:: Exercise data
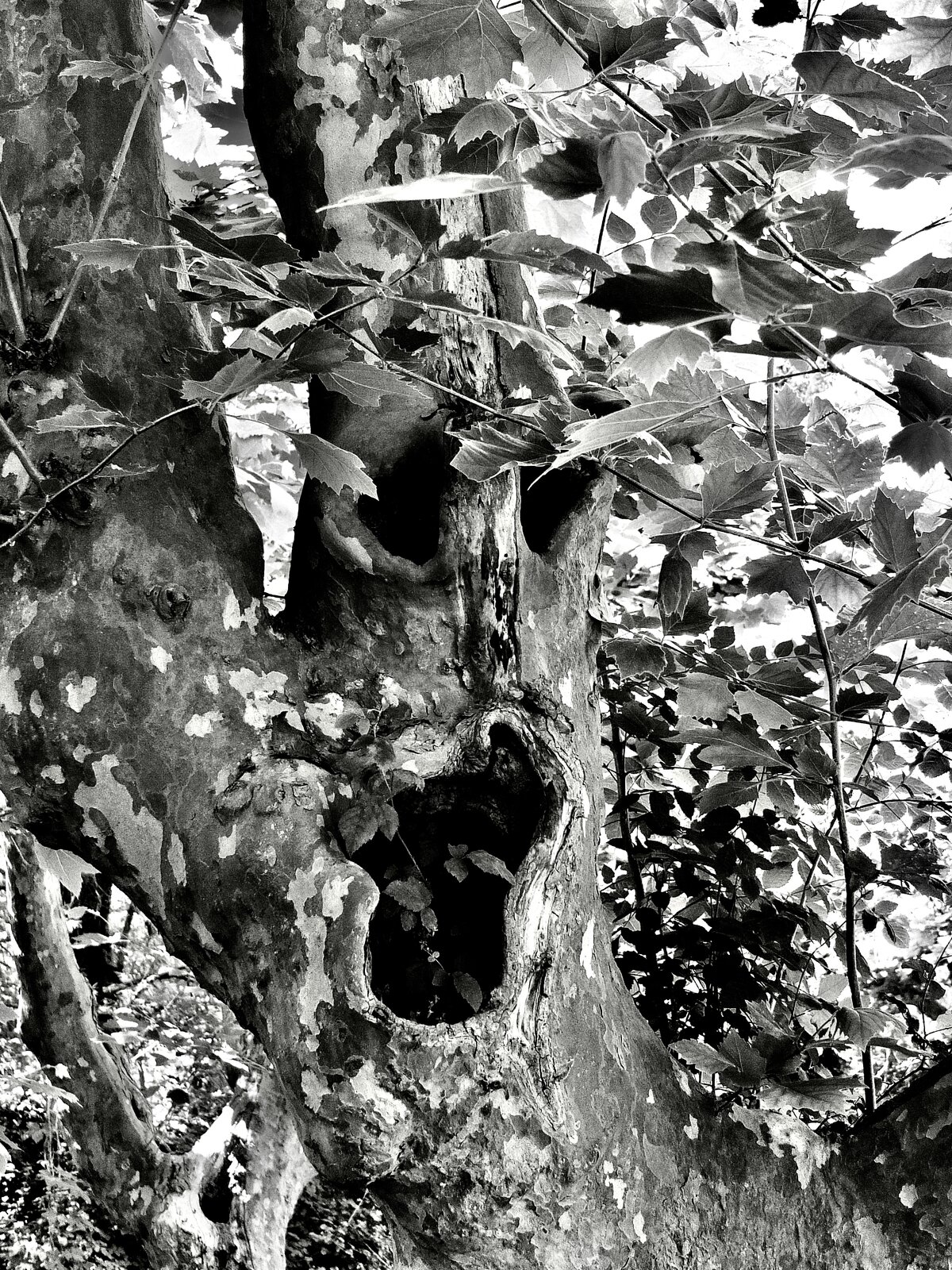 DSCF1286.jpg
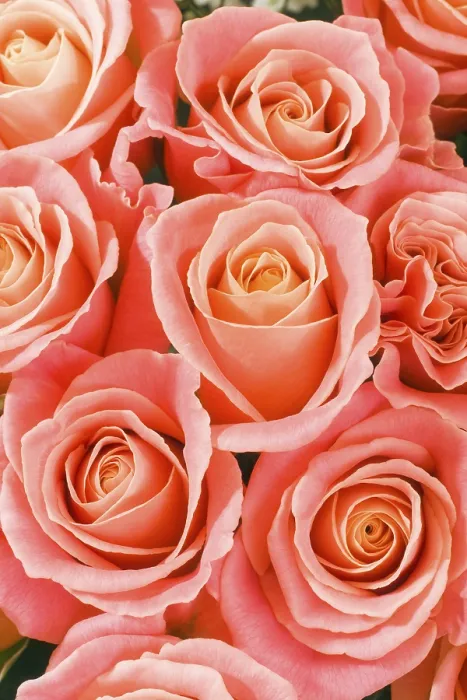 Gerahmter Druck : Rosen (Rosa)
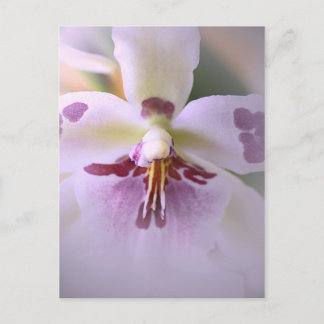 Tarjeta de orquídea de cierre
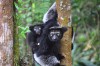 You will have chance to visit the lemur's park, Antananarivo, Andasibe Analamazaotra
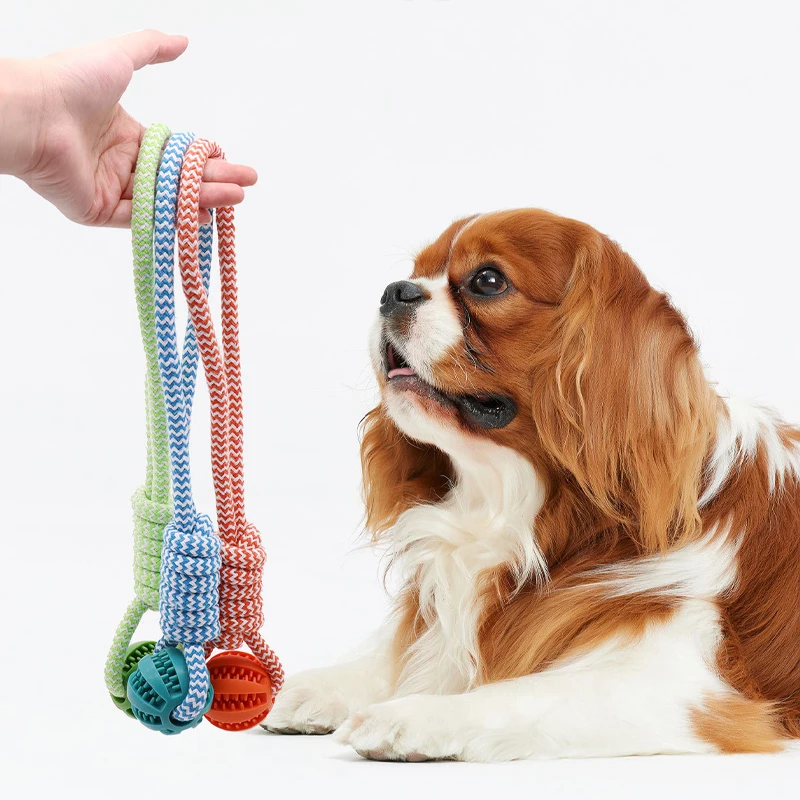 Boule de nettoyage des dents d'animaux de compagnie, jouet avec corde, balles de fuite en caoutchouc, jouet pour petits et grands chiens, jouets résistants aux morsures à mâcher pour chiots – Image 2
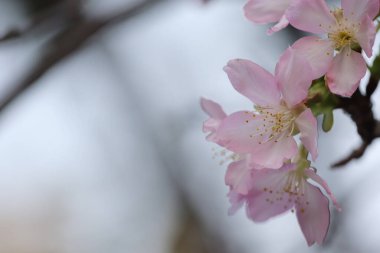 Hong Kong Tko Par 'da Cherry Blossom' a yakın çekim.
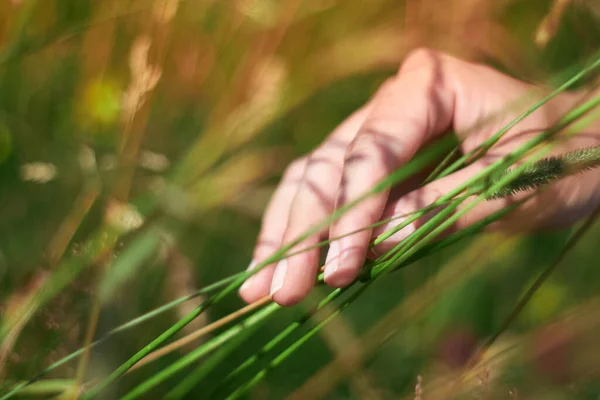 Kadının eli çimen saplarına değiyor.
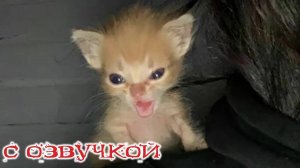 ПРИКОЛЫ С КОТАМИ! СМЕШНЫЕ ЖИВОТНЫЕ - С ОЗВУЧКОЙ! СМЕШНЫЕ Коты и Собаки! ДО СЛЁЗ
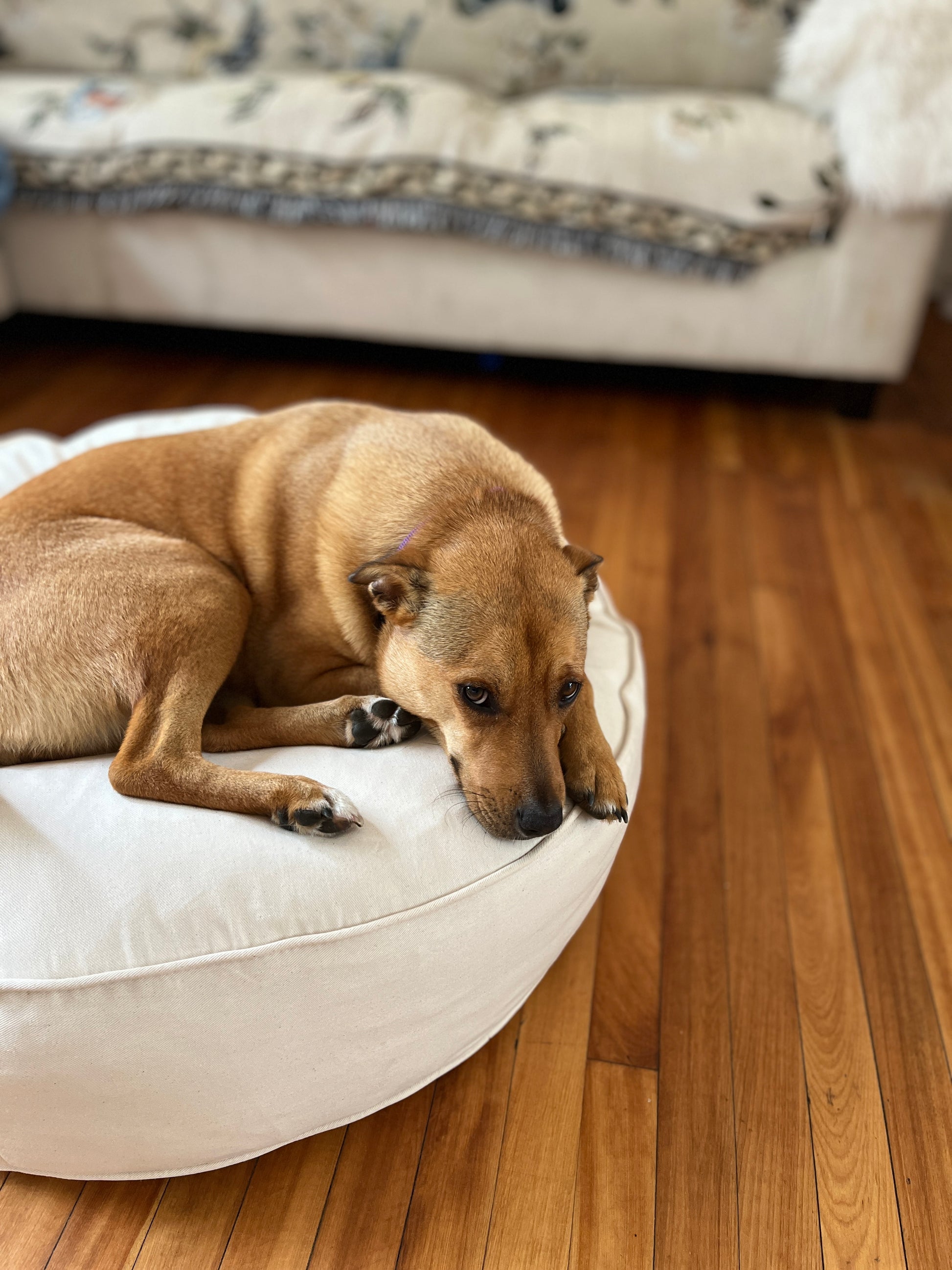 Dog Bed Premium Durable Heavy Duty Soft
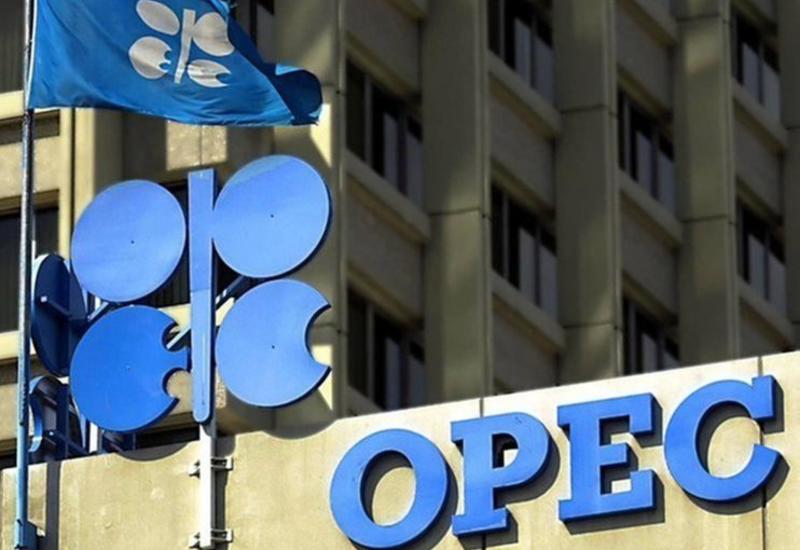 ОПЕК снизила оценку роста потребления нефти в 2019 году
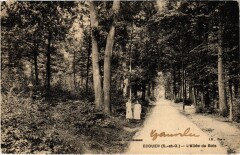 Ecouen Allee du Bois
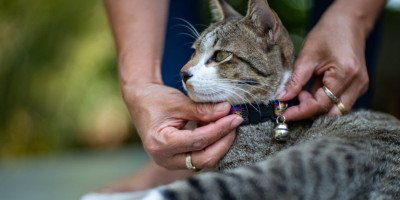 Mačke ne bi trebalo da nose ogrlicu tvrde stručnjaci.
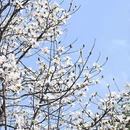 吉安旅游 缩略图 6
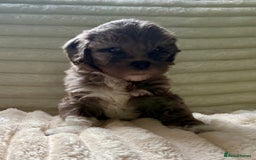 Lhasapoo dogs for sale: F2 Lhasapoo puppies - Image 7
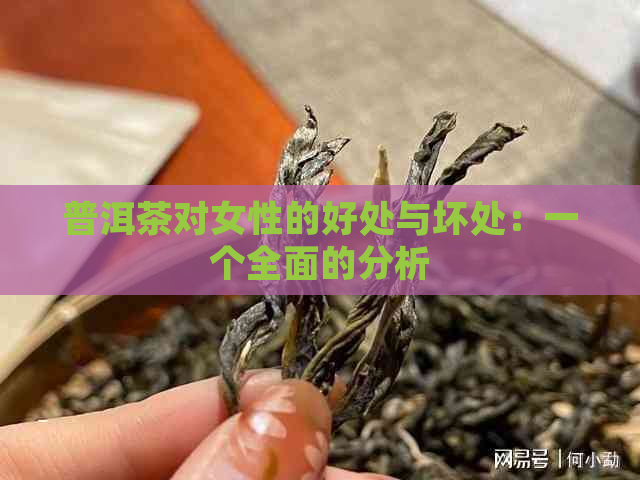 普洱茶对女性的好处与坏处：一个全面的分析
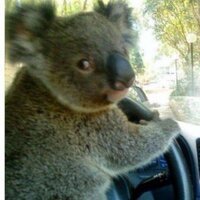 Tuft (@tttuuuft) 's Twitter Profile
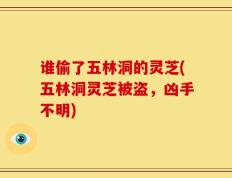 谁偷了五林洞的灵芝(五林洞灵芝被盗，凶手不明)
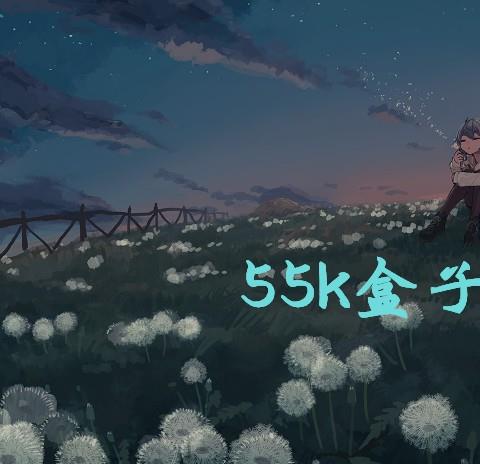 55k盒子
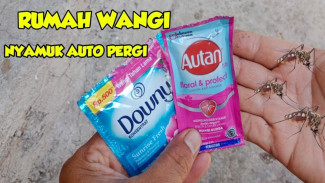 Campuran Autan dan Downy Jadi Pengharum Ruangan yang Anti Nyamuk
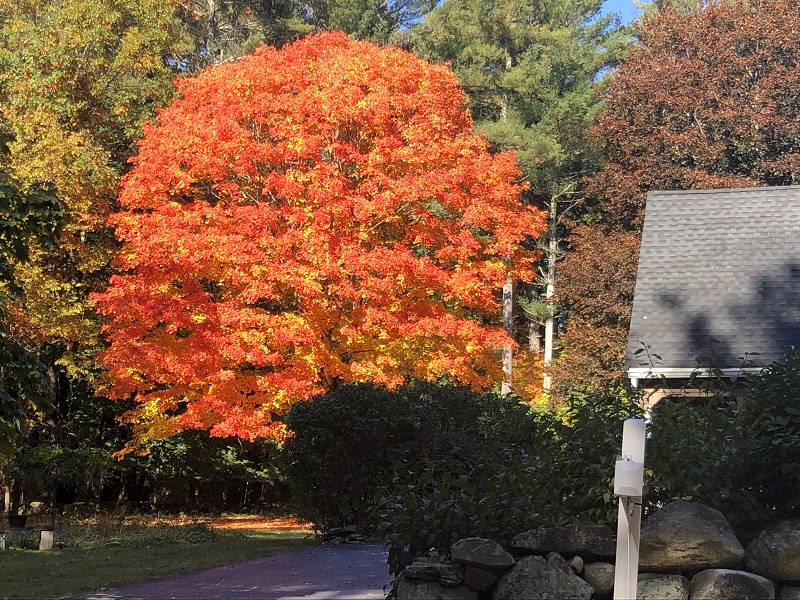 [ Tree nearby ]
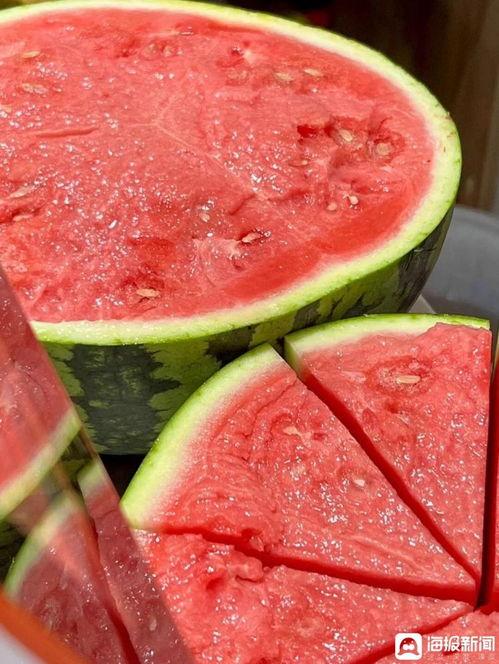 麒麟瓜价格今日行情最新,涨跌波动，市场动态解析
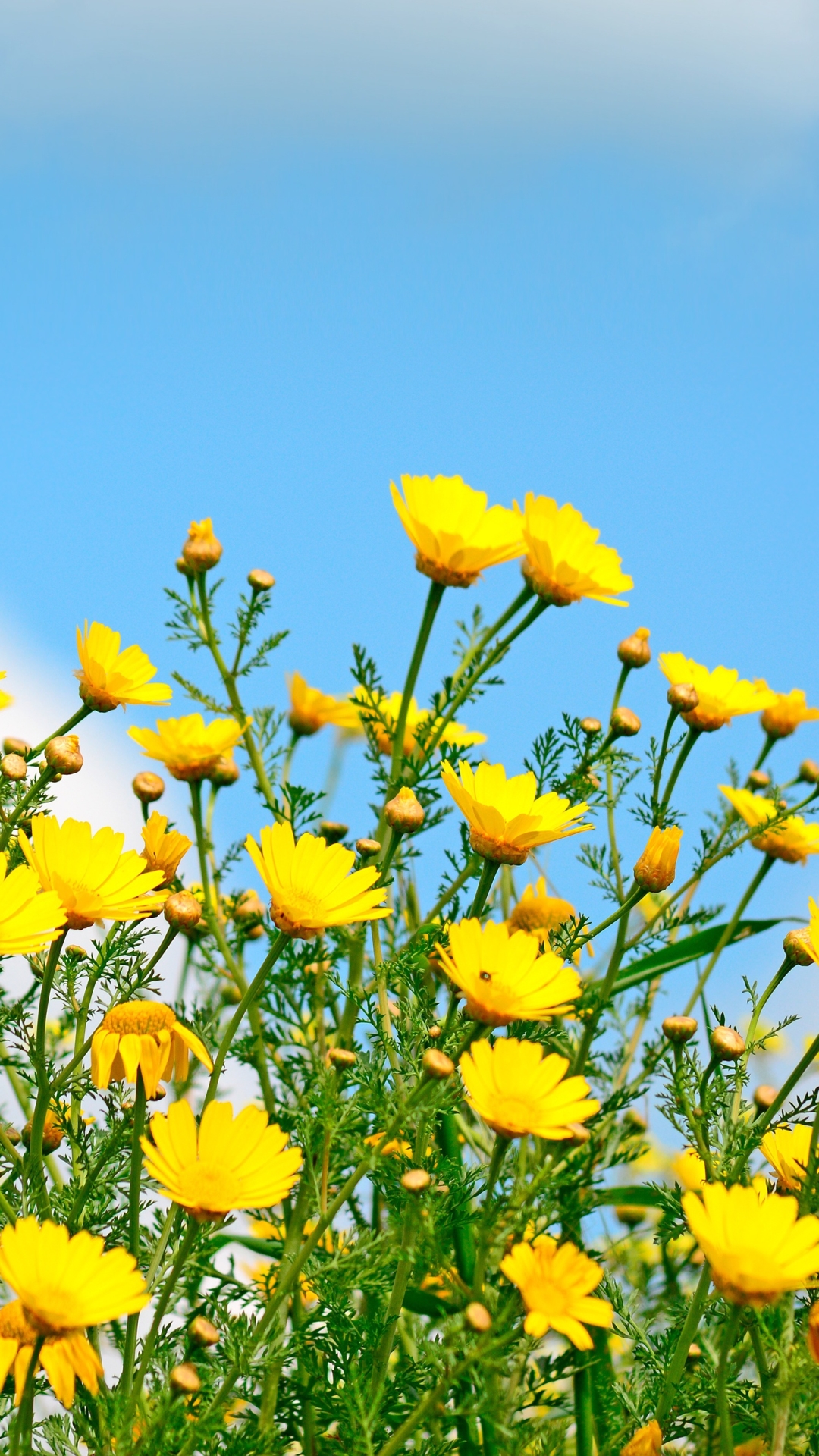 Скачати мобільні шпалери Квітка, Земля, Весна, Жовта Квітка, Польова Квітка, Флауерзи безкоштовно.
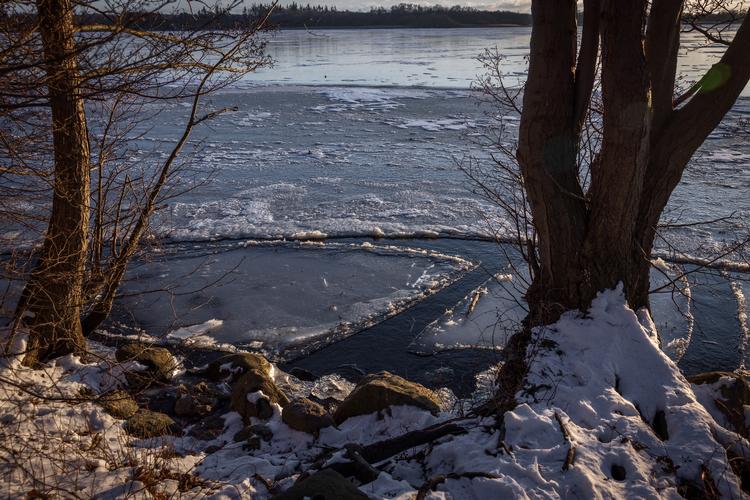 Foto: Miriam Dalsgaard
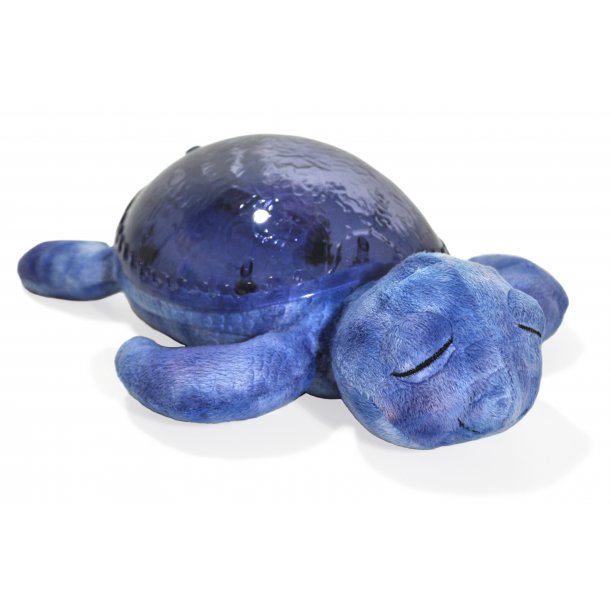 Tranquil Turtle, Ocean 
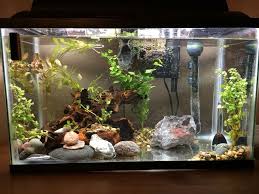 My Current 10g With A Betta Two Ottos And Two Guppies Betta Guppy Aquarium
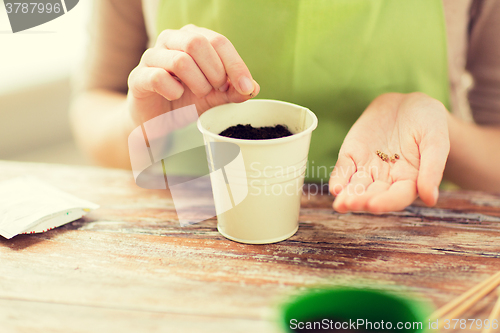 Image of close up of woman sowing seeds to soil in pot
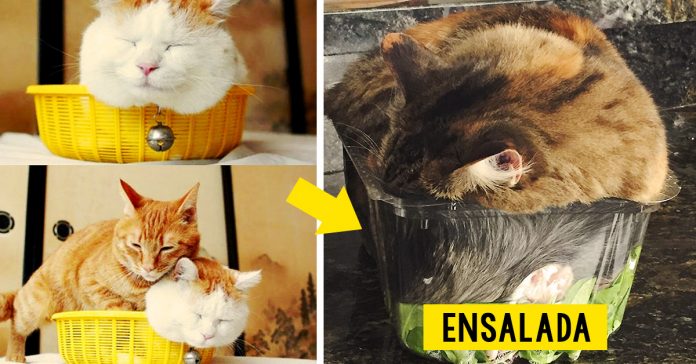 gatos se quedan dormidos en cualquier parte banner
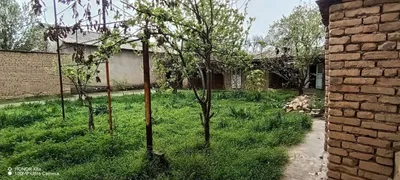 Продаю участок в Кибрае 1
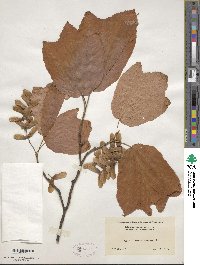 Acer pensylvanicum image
::::
The problem: In the entries above, find the line containing "ПРИКОЛЫ С КОТАМИ!" and the line containing "[ Tree nearby ]"; give again exactly those two lines and every line between them, minus the pictures.

Solution to this task:
 ПРИКОЛЫ С КОТАМИ! СМЕШНЫЕ ЖИВОТНЫЕ - С ОЗВУЧКОЙ! СМЕШНЫЕ Коты и Собаки! ДО СЛЁЗ
 Dog Bed Premium Durable Heavy Duty Soft
 ОПЕК снизила оценку роста потребления нефти в 2019 году
 Ecouen Allee du Bois
 Mačke ne bi trebalo da nose ogrlicu tvrde stručnjaci.
 吉安旅游 缩略图 6
 Lhasapoo dogs for sale: F2 Lhasapoo puppies - Image 7
 普洱茶对女性的好处与坏处：一个全面的分析
 Tuft (@tttuuuft) 's Twitter Profile
 谁偷了五林洞的灵芝(五林洞灵芝被盗，凶手不明)
 55k盒子
 Campuran Autan dan Downy Jadi Pengharum Ruangan yang Anti Nyamuk
 [ Tree nearby ]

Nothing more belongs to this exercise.